New proposals put forward for broader EU regulation over digital platform work

Amongst other things, the proposed EU Directive aims to improve enforcement of the applicable rules for all people working through platforms

Last Updated on Tuesday, 17 May, 2022 at 1:52 pm by Andre Camilleri

RecruitGiant, Malta’s largest food courier fleet operator, is spearheading efforts to ensure a new EU Directive of improving working conditions in digital platform work delivers on its stated objectives.

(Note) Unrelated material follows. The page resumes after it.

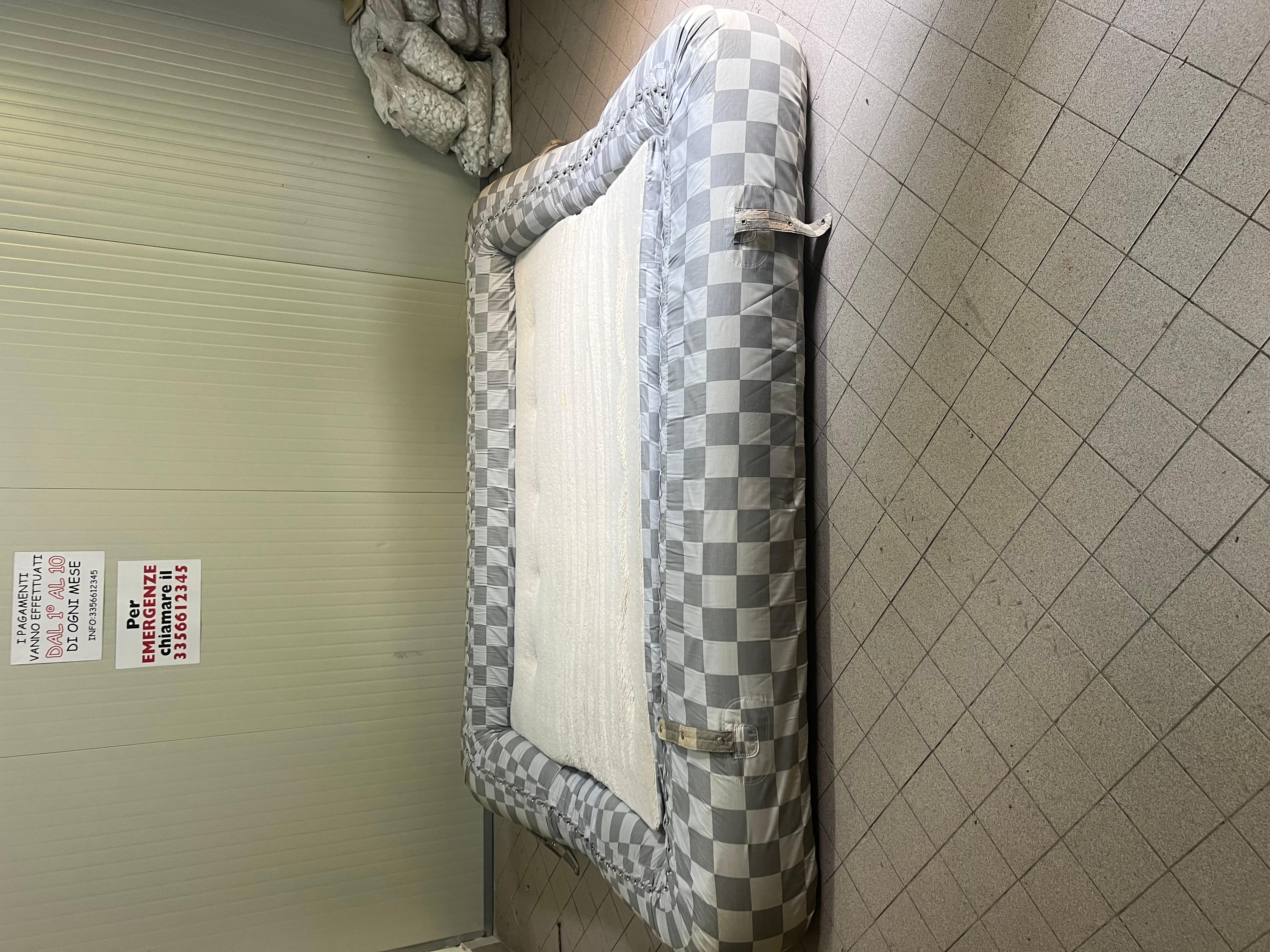 Fabric Divano 3 posti  - Letto Anfibio By Alessandro Becchi per Giovannetti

The proposed Directive aims to ensure workers obtain the correct employment status together with access to labour and social protection rights and ensure fairness, transparency and accountability in algorithmic management in the platform work context. It also aims to improve enforcement of the applicable rules for all people working through platforms, including those operating across borders.

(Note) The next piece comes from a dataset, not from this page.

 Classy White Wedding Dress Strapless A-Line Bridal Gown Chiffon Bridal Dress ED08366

Following discussions on the issue of digital platform work in the EU with the Foresight Centre, an independent think tank at the Estonian Parliament which aims to analyse long term developments in society, RecruitGiant has now put forward a number of suggestions to the European Parliament’s Employment and Social Affairs Committee (EMPL). These suggestions aim to ensure that certain loopholes which may result in operators continuing to abuse employees are closed.

Tomas Mikalauskas, CEO at RecuitGiant, said, “As consumers we all enjoy the benefits of digital platform work, whether it’s getting our favourite take-away or jumping in a taxi at the click of an icon. But all of us also know that many of the people providing us with these services are being exploited. Unfortunately, even though existing laws and guidelines are in place, the Maltese authorities, including the Department of Industrial and Employment Relations and the Commissioner for Revenue seem unwilling, or unable, to enforce these. Therefore, our hope is that the proposed EU Directive will help us move towards a properly regulated industry and so we are taking proactive steps to put forward suggestions which we feel will make the directive more impactful.”

Among the suggestions being put forward to the EMPL is the idea that the proposed EU level regulatory framework covering digital platform work covers a broader scope than currently envisaged to ensure it specifically caters for the definition of ‘working time’. RecruitGiant’s proposals also call for platform workers to be properly classified with clear distinctions between workers and self-employed and to guarantee that the implementation of such classifications does not in fact create more loopholes for platform operators. Furthermore, the proposals include a focus on guaranteeing that the relationship between digital platforms (such as Bolt and Wolt) and the chartered fleets which they use is also properly defined and regulated and that digital platforms must be responsible for ensuring that their contractors and any other third-party operators (legal entities) follow the regulatory guidelines and rules in the jurisdiction they operate in.